### Information supplied

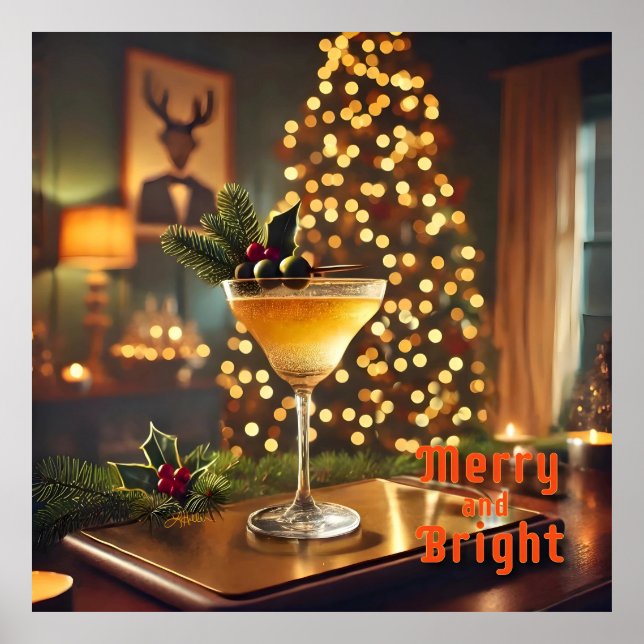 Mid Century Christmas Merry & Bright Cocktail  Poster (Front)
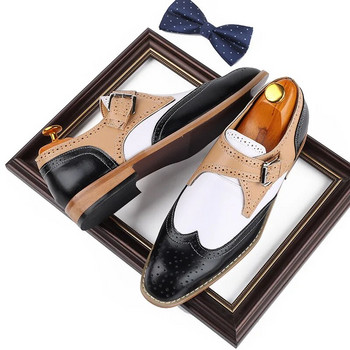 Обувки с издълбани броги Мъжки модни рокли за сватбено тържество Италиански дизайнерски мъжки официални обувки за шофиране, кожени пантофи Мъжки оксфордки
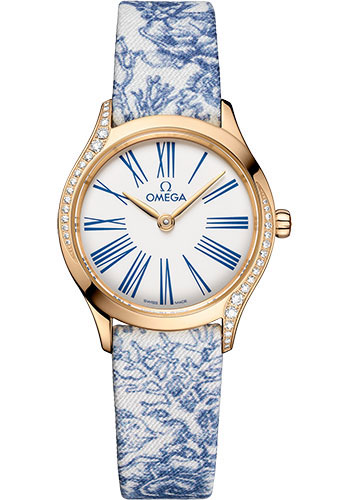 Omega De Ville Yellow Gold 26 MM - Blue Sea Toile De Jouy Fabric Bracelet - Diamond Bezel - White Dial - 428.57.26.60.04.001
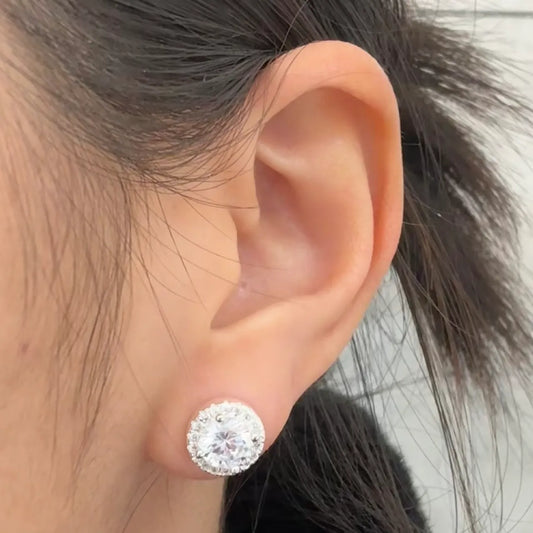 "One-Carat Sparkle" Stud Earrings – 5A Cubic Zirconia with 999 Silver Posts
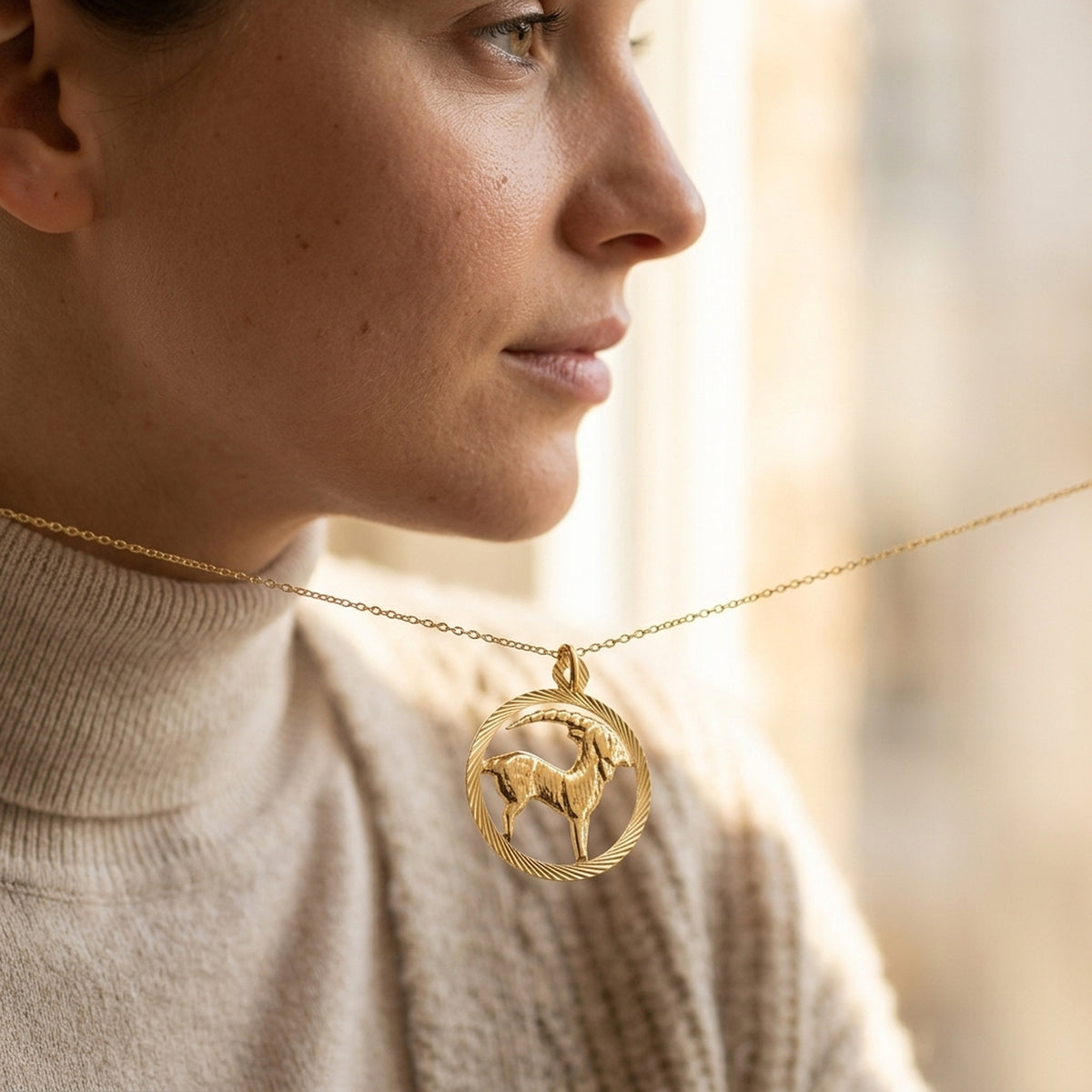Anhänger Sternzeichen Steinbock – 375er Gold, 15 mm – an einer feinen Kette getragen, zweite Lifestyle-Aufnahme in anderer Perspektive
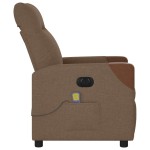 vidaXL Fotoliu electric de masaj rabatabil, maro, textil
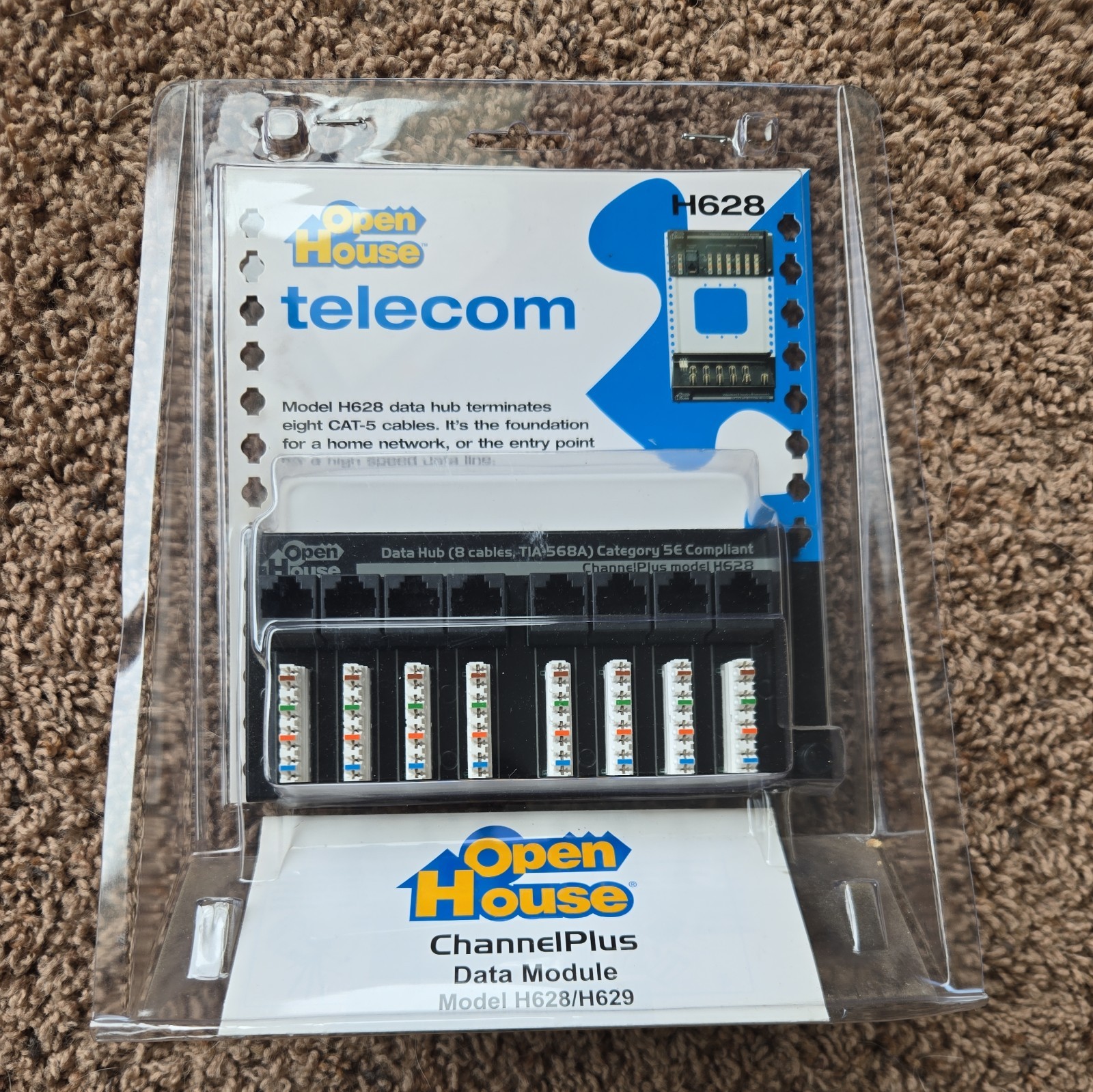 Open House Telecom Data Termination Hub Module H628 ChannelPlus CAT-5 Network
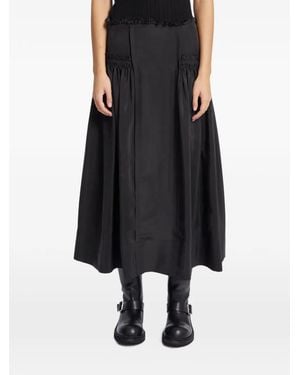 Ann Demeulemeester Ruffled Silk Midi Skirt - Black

### Task instructions
A word-for-word copy is needed of the lines from the line with "Open House Telecom" through the last line of the entries above, with both ends kept and the pictures dropped.

### Output of the exercise
 Open House Telecom Data Termination Hub Module H628 ChannelPlus CAT-5 Network
 Ann Demeulemeester Ruffled Silk Midi Skirt - Black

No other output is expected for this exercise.